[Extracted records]
◆ ◆ ◆ ◆ ◆

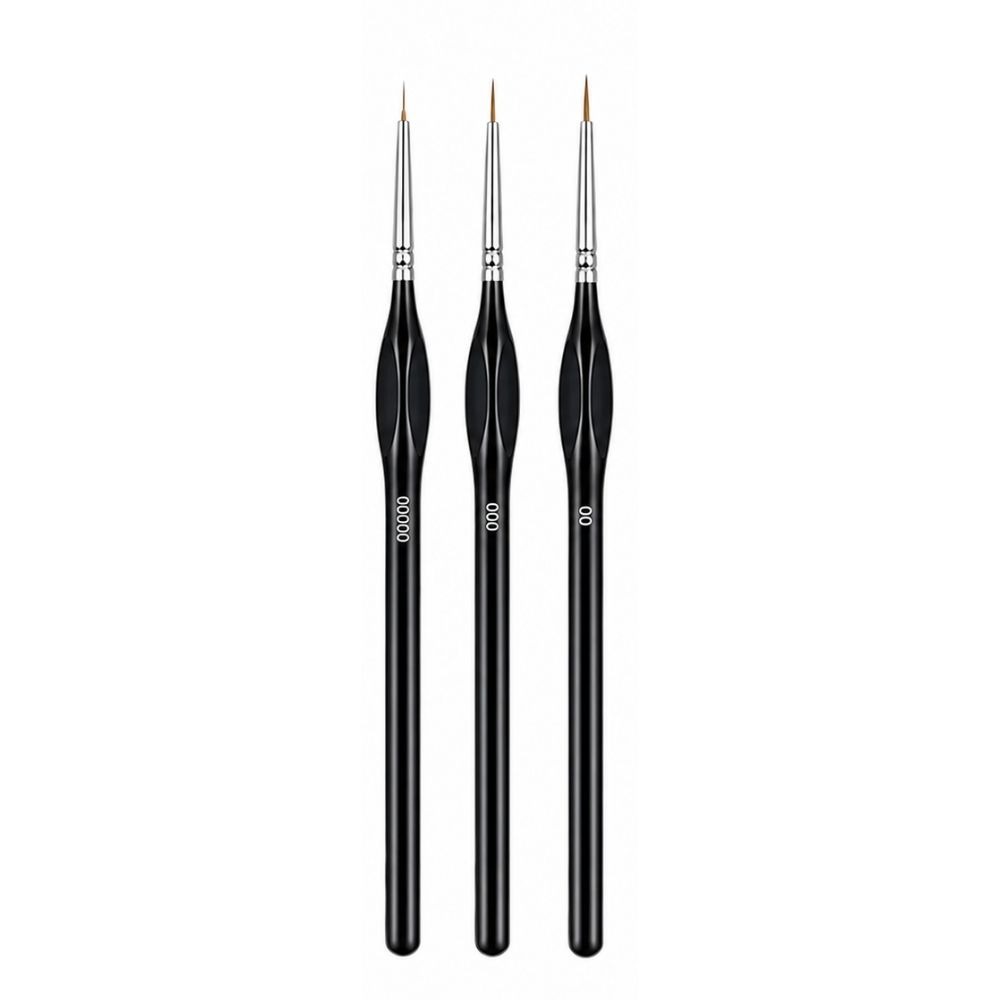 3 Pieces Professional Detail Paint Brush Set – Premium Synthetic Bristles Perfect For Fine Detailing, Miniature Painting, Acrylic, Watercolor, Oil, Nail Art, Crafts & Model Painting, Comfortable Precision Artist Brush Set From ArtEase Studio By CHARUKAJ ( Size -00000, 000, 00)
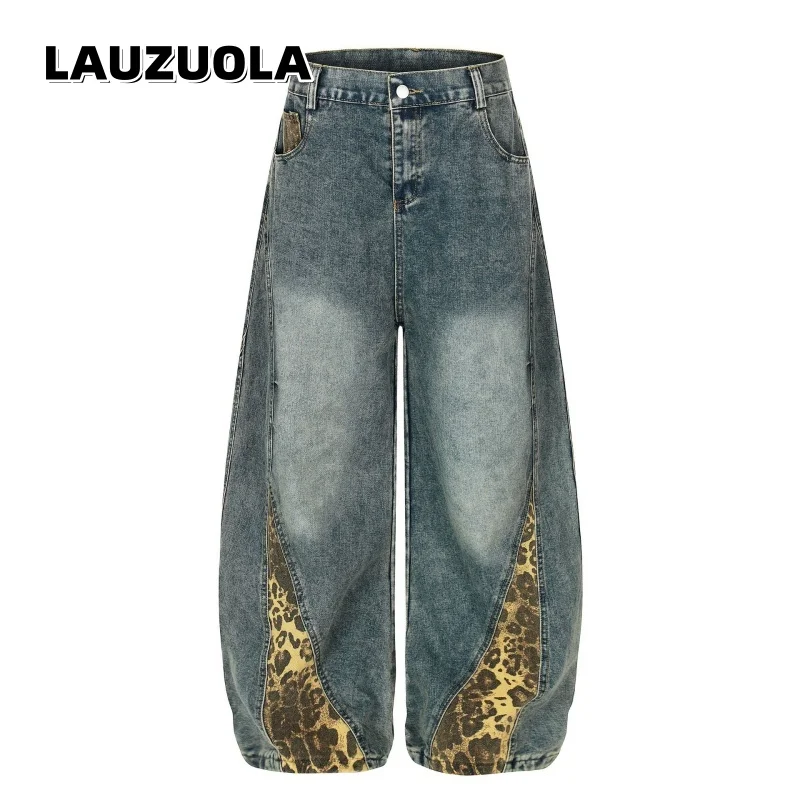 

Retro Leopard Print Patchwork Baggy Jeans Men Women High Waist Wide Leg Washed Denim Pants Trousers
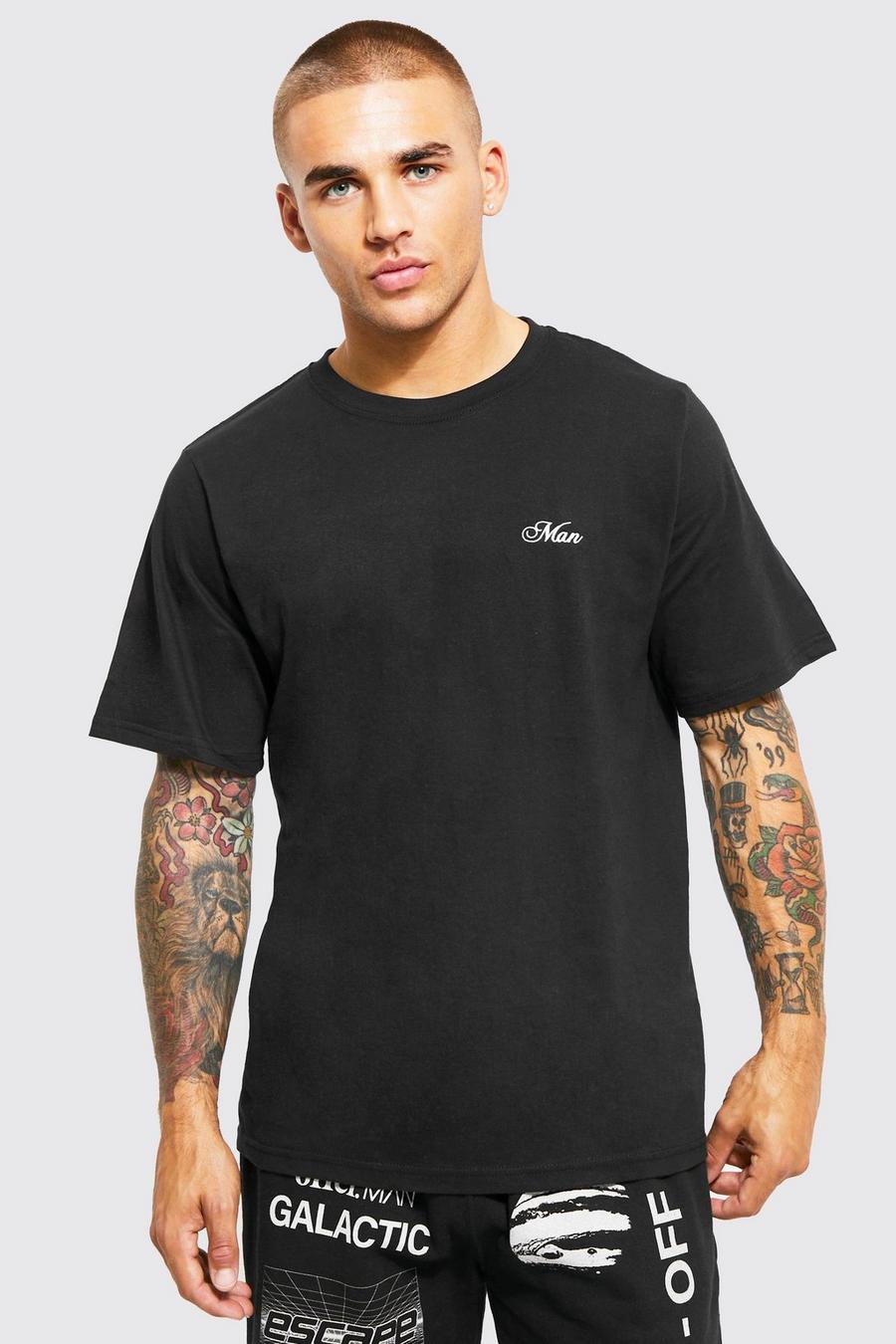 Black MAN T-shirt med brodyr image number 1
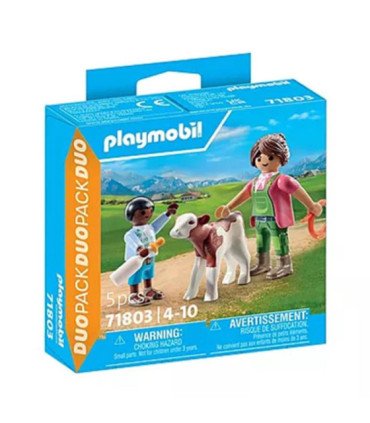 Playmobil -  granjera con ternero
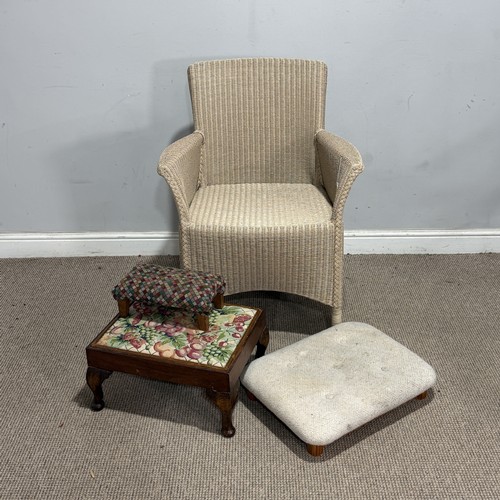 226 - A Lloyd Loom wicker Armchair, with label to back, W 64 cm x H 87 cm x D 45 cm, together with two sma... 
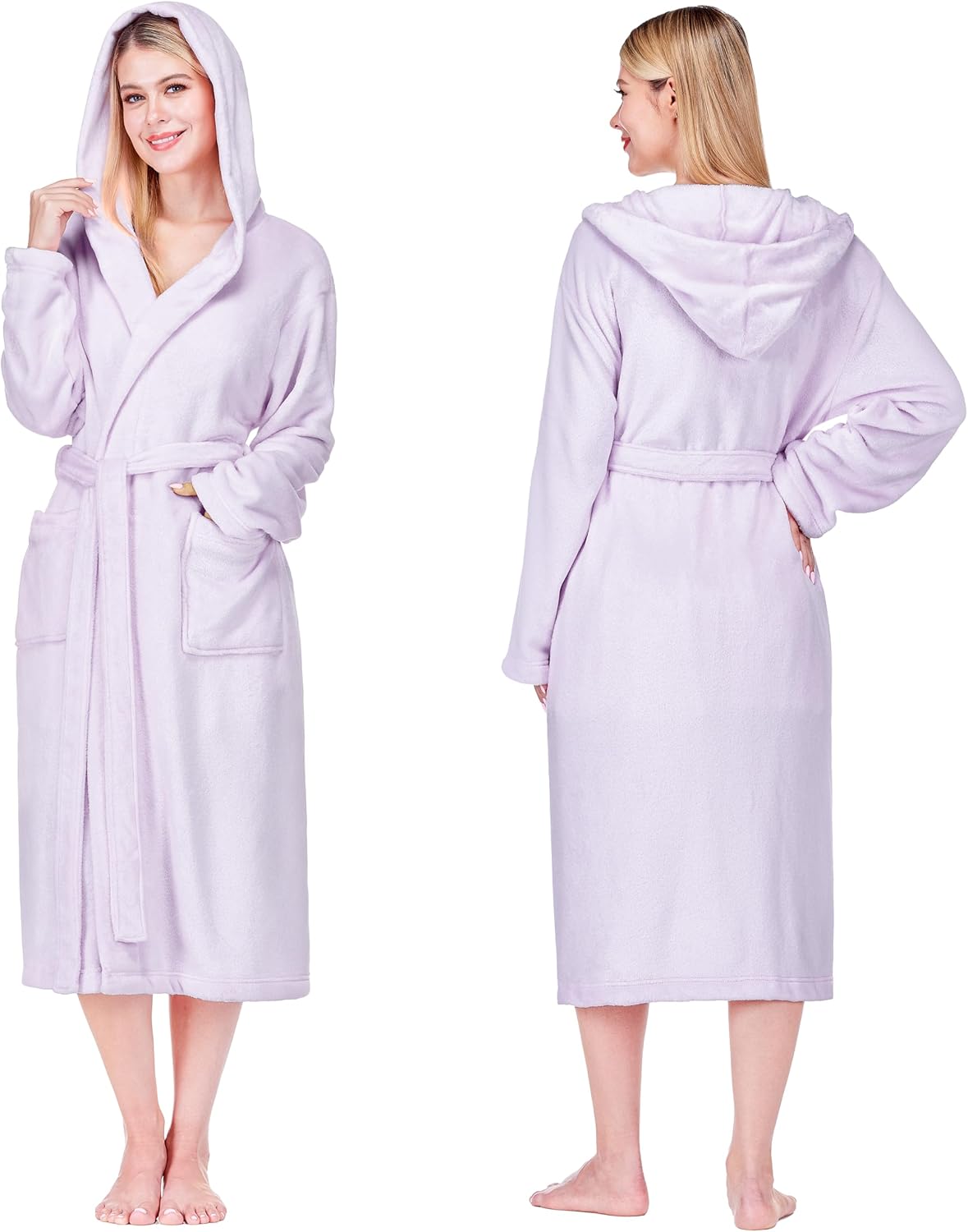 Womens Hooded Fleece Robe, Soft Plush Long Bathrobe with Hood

◆ ◆ ◆ ◆ ◆

_ASSIGNMENT_
From the line that contains "granjera con ternero" down to the final line of the entries above, please copy each line exactly, excluding pictures.

_EXERCISE ANSWER_
 Playmobil -  granjera con ternero
 226 - A Lloyd Loom wicker Armchair, with label to back, W 64 cm x H 87 cm x D 45 cm, together with two sma... 
 Womens Hooded Fleece Robe, Soft Plush Long Bathrobe with Hood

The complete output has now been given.